Beginning with the line that contains "6443427-遊技機 図000048", print each line to the end of the data exactly. Omit the pictures.

**Records for this task**
>>>

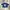 Vintage Streetwear T-shirt Pria white navy photo 1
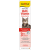 Pasta GimCat Multi-Vitamin Extra 200 g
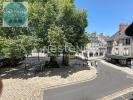 Location Local commercial Blois 41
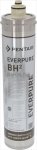 WASSERFILTER EVERPURE TYP BH2 KAPAZITÄT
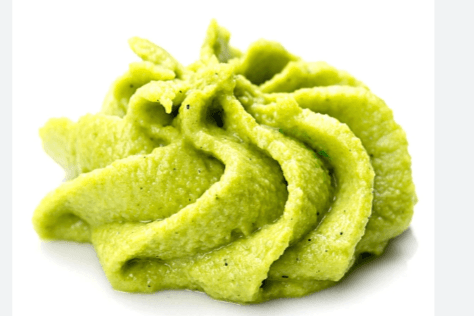 Wasabi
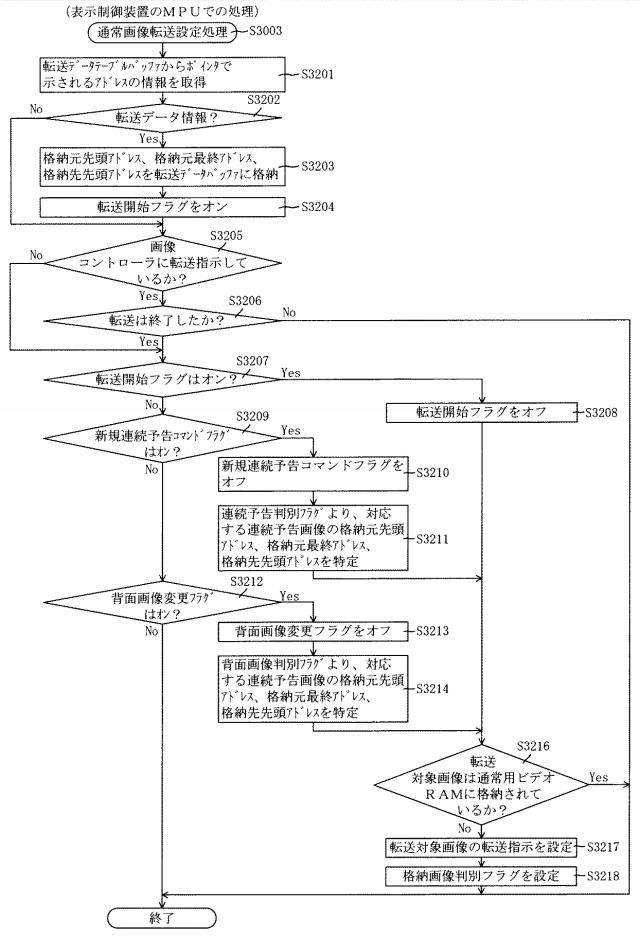 6443427-遊技機 図000048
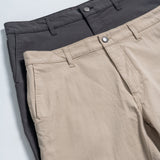 Rover Short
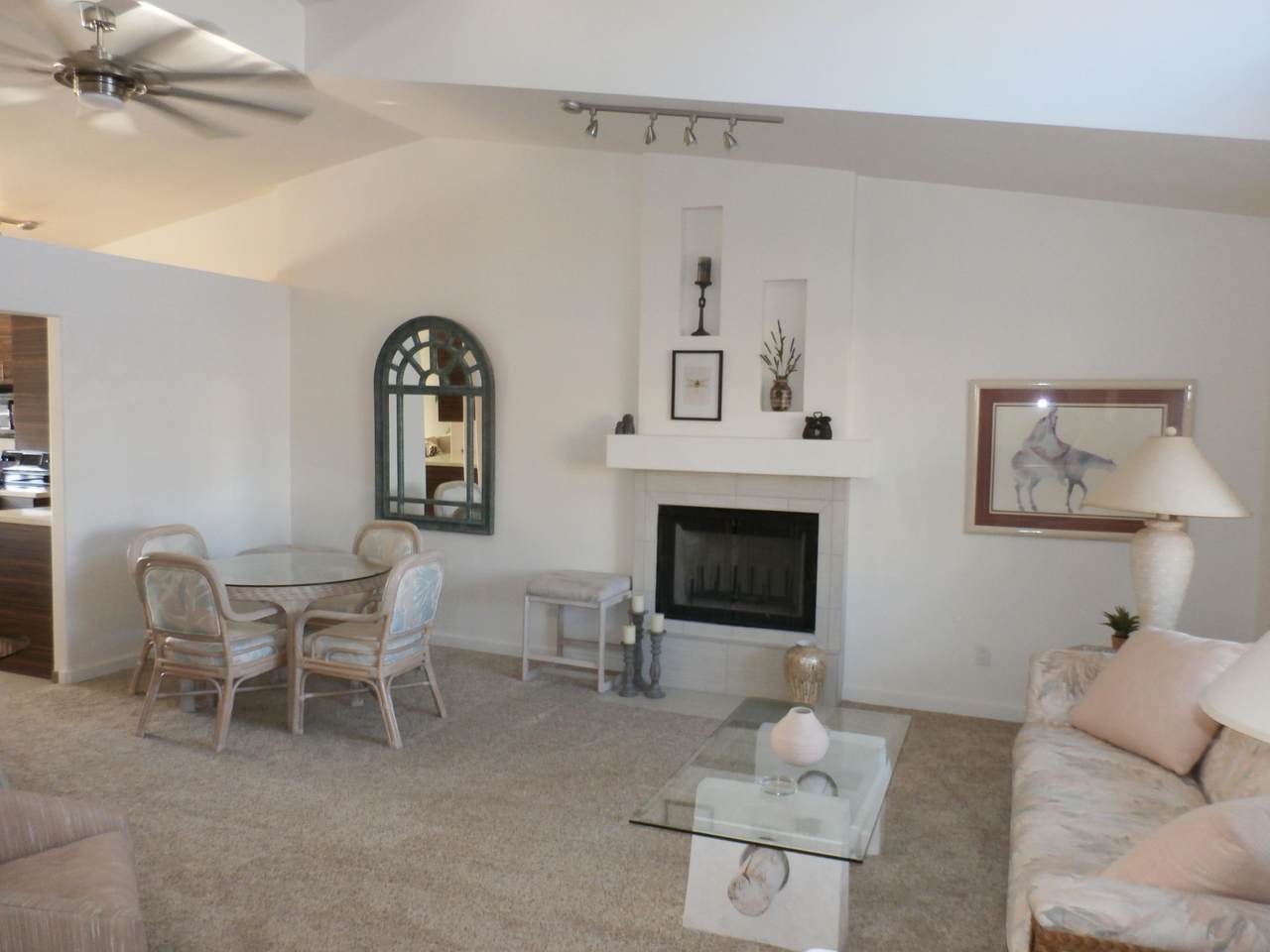 https://bt-photos.global.ssl.fastly.net/lakehavasu/1280_boomver_1_1036780-2.jpg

<<<

**Your solution**
 6443427-遊技機 図000048
 Rover Short
 https://bt-photos.global.ssl.fastly.net/lakehavasu/1280_boomver_1_1036780-2.jpg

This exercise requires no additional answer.